Although it is a desirable deployment method that complements generators such as thermal power, nuclear power, and hydropower through the use of eco-energy, problems remain when used as power for highway lighting. In other words, a large-area solar cell of several square meters is required for power generation, which requires equipment costs. In addition, power generation is unstable because it depends on the weather, and stable and reliable lighting such as highway lighting is obtained. Is unsuitable.

In this patent, in order to reduce the power transmission loss of lighting power for highways and the like, a power storage device is charged in advance in the power storage device, and the power is discharged sequentially at night. In the current highway and street lighting, the individual power consumption is as low as 1 kW or less, and the power standards are exactly the same. Therefore, there is almost no load fluctuation during use and the control current is small. As proposed in Patent Documents 1 and 2, there is no need to control the power transmission to the city area by finely and precisely detecting the current voltage and controlling a large number of electronic circuit devices. Since it is not the purpose, the power storage device used in this patent may be any device that has a simple control function and performs a simple charge / discharge operation without maintenance.

As a method of reducing heat loss during power transmission, the power of street lamps used in a certain area is collectively sent to a relay substation at one time, reducing power transmission loss and shortening power transmission time. The transmission loss is reduced by increasing the voltage and transmitting at a high voltage to reduce the current to reduce heat generation. The time zone for power transmission is a time zone certified as nighttime power, and the power transmission is completed in a shorter time. At the relay substation, the voltage of the received power is stepped down, and the AC-DC converted direct current is supplied to each street light. In the street lamp, a control device is installed that introduces a supplied current into the power storage device and performs a switching operation so as to discharge from the power storage device to the street light source. This control device also has a voltage and current control function for maintaining stable lighting. As a power storage device that stores electric power, an electric double layer capacitor is used to enable rapid charging in a short time.
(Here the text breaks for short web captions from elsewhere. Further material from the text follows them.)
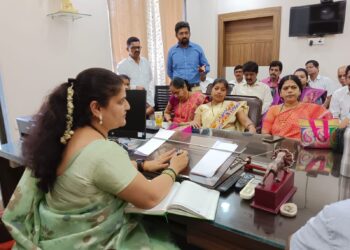 नगराध्यक्षांकडून पाणीपुरवठा विभागाचा आढावा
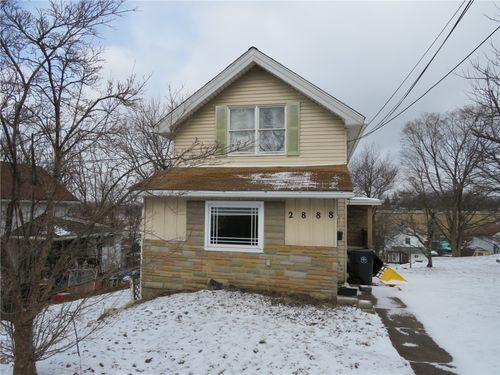 2888 Maple St, Bethel Park, PA, 15102-2520 | Card Image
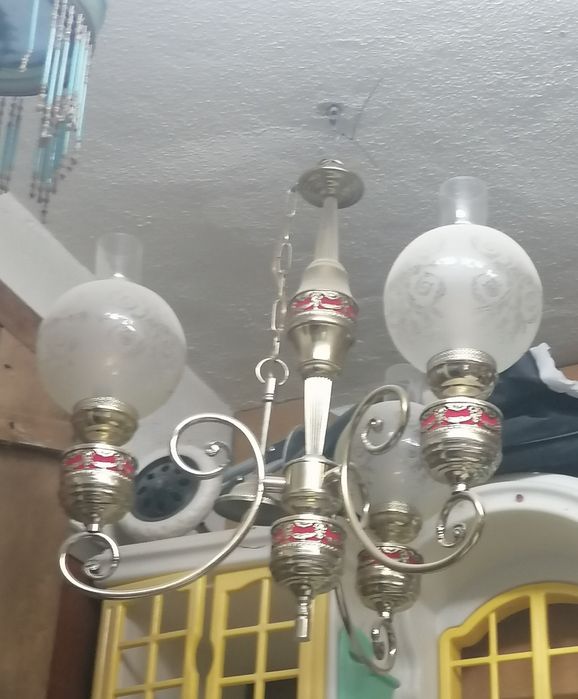 Candeeiro antigo de 3 bolas
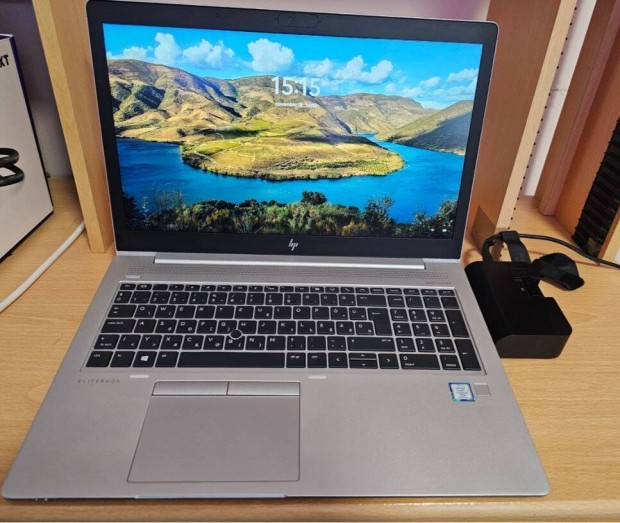 HP Elitebook 850 G5 a hozz tartoz dokkolval, tskval s tltkkel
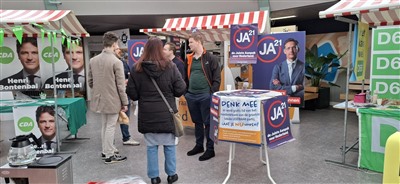 Verkiezingsmarkt gehouden in winkelcentrum Crimpenhof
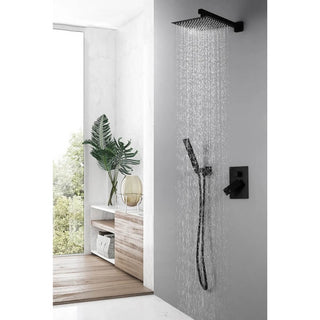 Juodas lietaus dušas sumontuotas moderniame vonios kambaryje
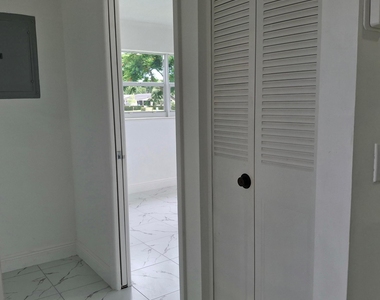 2739 Emory Drive W - Photo Thumbnail 9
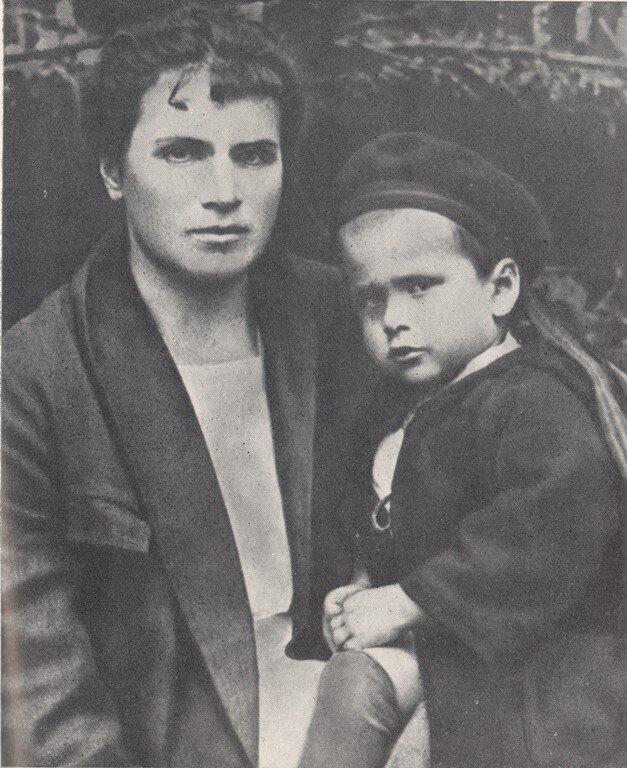 Вера Мухина с сыном
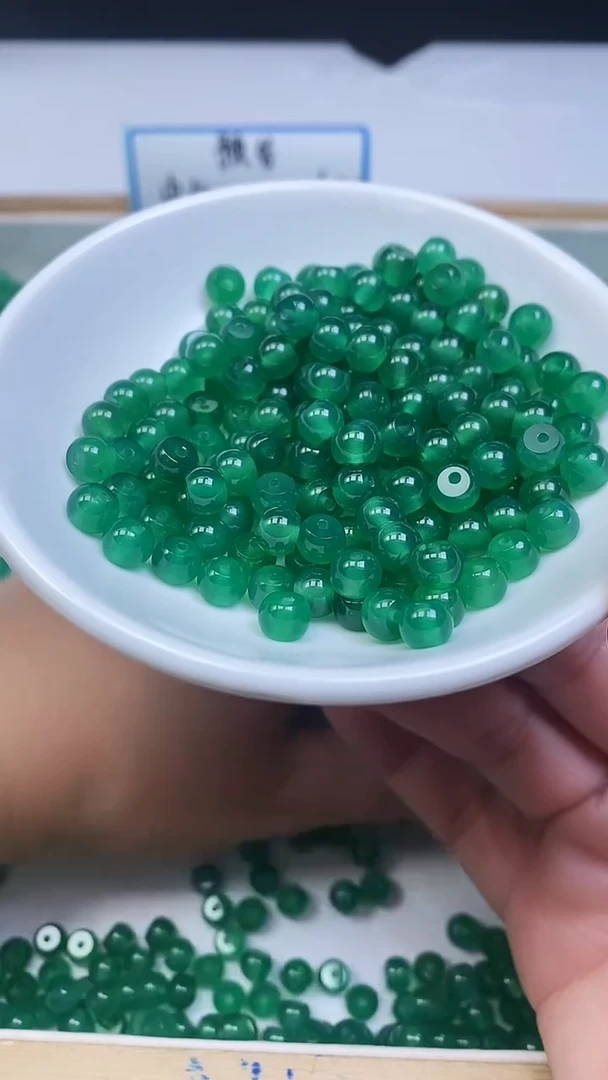 未镶嵌散珠玛瑙/玉髓D487 冰阳绿玛瑙苹果珠5*6mm30颗9.9元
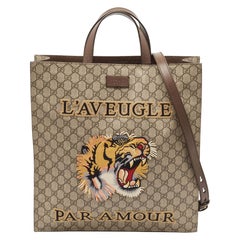 Gucci Fourre-tout L'Aveugle Par Amour GG Supreme Canvas beige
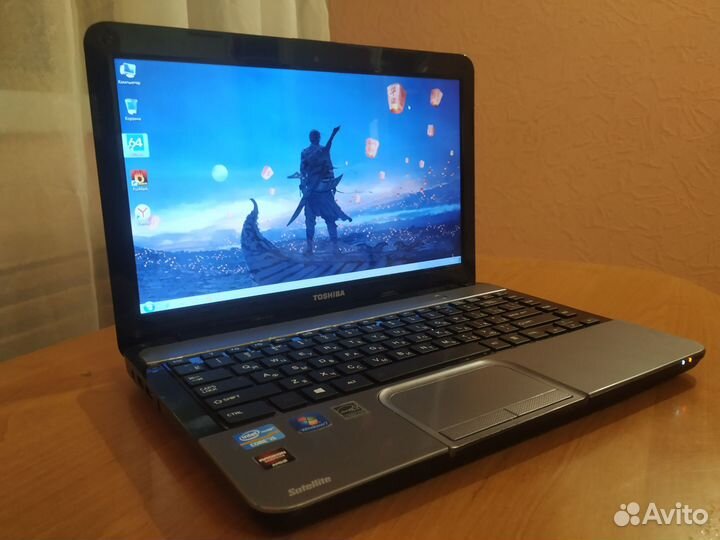 Компактный ноутбук Toshiba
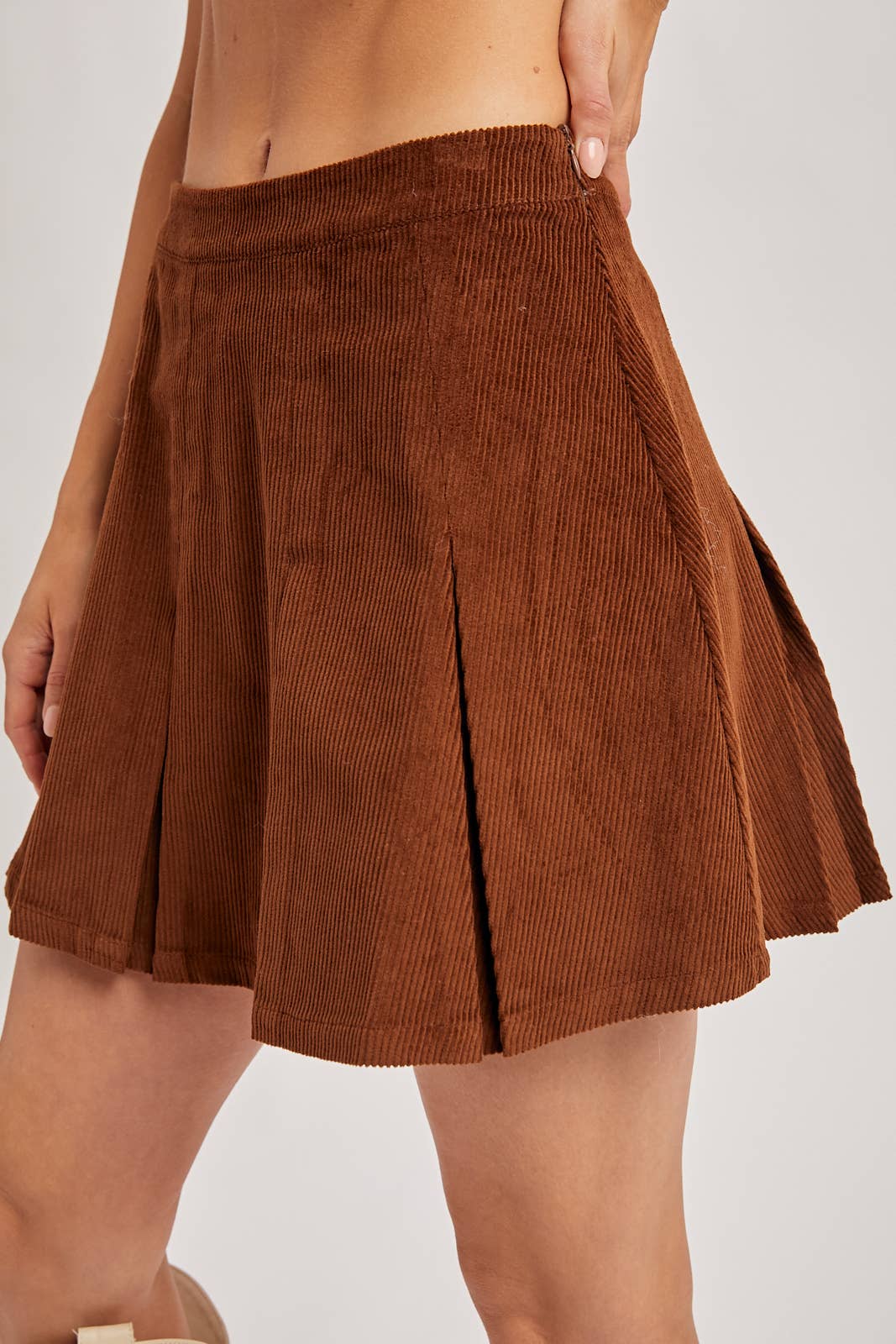 CORDUROY PLEATED MINI SKIRT: Brown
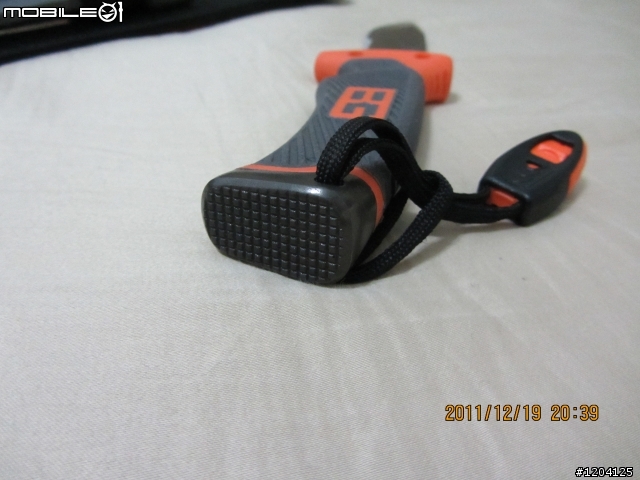 Bear Grylls 的求生刀具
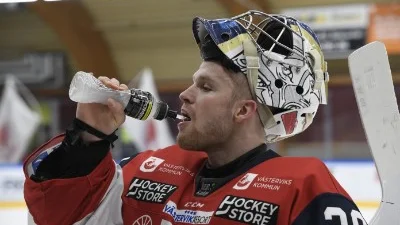 Daniel Marmenlind stod för ett starkt intryck under sina fyra matcher i VIK-tröjan och får nytt förtroende till nästa säsong.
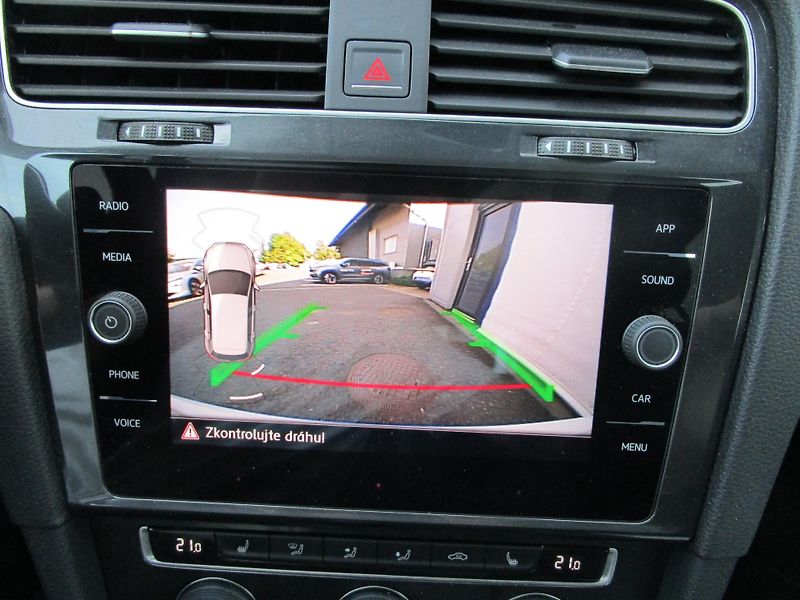 Volkswagen Golf 1.4TSI Maraton edition - fotka 12 z 22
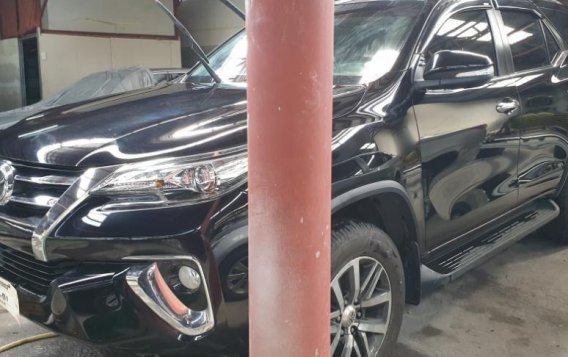 Black Toyota Fortuner 2018 Automatic Gasoline for sale in Quezon City-1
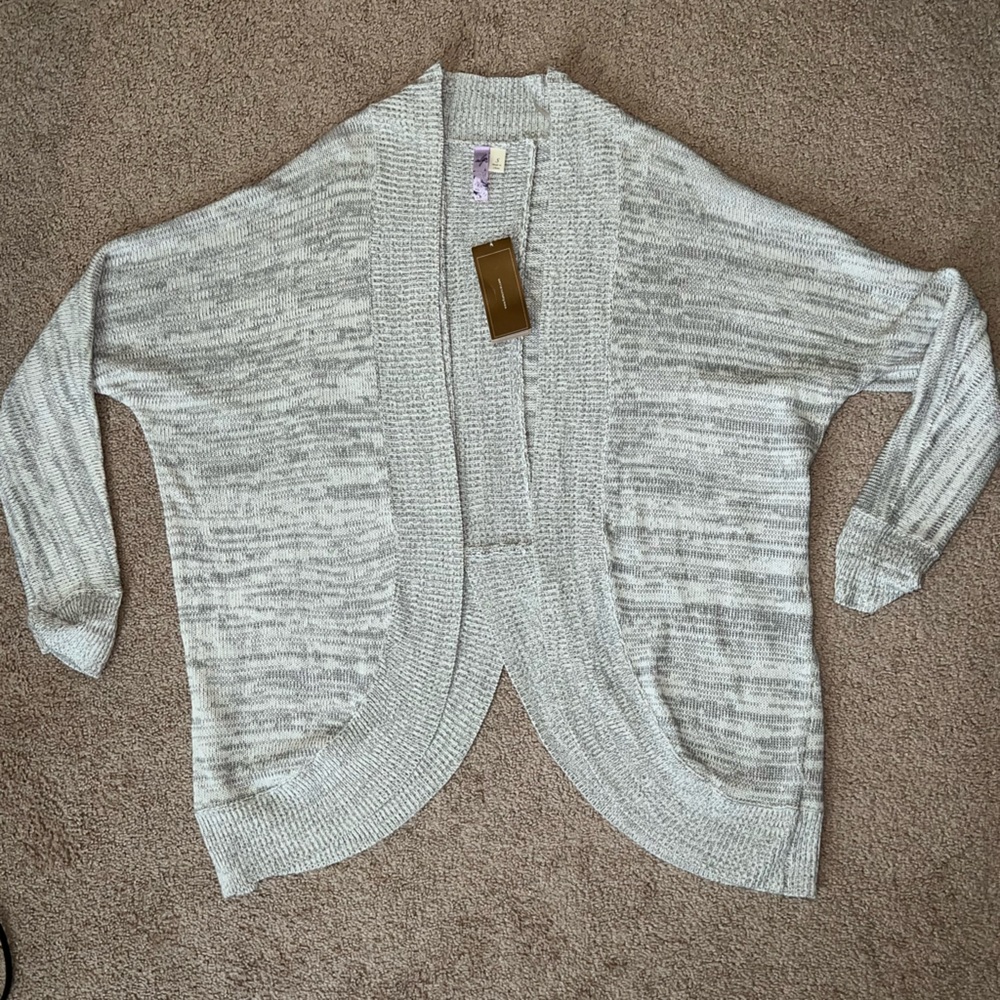NWT Gray cardigan sweater size small from Francesca‘s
If the electric power used for the street lamp for night road lighting is boosted to a high voltage and transmitted to the relay substation, the amount of current can be reduced and heat loss is suppressed. In addition, since power can be stored in the power storage device at once in a short time, heat loss due to energization for a long time can be reduced. Inexpensive power is used by charging the power storage device within the night power certification time. If power supply with a power storage device is performed in a place that is lit day and night like in a tunnel lighting, the power consumed in the daytime can be charged in a short time using the nighttime power and discharged for lighting in the daytime. Covering daytime lighting with nighttime electricity is cheaper than using daytime electricity. In addition, in the era when shortage of summer power is regarded as a problem due to an increase in power demand, the use of nighttime electricity will suppress the use of daytime electricity as much as possible, contributing to power leveling by leading to a so-called peak shift. It will be.

When an electric double layer capacitor is used in the power storage device, the advantages over the conventional storage battery can be obtained. For example, since rapid charging is possible, the required amount of power can be stored in a short time. Rapid charging is difficult with conventional chemical battery charging, and if it is charged with a large current at once, it may be damaged or the service life may be impaired. The electric double layer capacitor can be charged quickly and can be used up until the amount of stored electricity decreases and discharge becomes impossible. Further, since there is no chemical change, the service life is semi-permanent, and maintenance such as electrolyte injection and storage device replacement is unnecessary.
As described above, the use of this patent not only reduces the cost of electric power users, but also contributes to the country's effective energy utilization policy, and has great social significance.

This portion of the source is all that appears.